I have seen some of those rifles, I did not know it was the first. I’m no history expert but I do do a little.
I don’t think a free float rail is absolutely necessary for a service rifle but these days it’s dumb not to have one, imho!
if I were to own any rifles they are all free float, or would be I should say. I don’t own any evil assault rifles
I really like the 605. I personally haven’t had any issues with reliability, but my barrel is a bit longer. Most of the parts on mine are original, including the Bolt Carrier (Colt pre-1964 slick chromed). Lower is NoDak repro partial fence.
As far as zeros and sighting goes, it of course has the full-length sight radius of a rifle and no real practical change in ballistics.

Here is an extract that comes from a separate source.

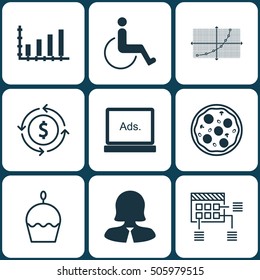 Set Of 9 Universal Editable Icons. Can Be Used For Web, Mobile And App Design. Includes Icons Such As Accessibility, Line Grid, Pizza Meal And More.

Speaking of fire control groups, they had two variants, the 605A and 605B. 605B had SAFE, AUTO, SEMI, BURST 4-way selector with a cutout under the selector lever so it could bypass the integral quarter sphere stops:
On the 300m zero: There was a different thought process in the 1950s when the Army took a radical departure from its previous, comprehensive rifle marksmanship program of the 1920s-late 1940s. The previous rifle marksmanship program involved a 2-week intensive shooting package with all kinds of ranges, stages of fire, and positional shooting. It included walking combat lanes with pop-out targets, shooting from ditches, windows, roofs, rubble piles, simulated blown-up walls, from behind log piles, and long range engagement of men and vehicles out to 500, 600, and 800yds.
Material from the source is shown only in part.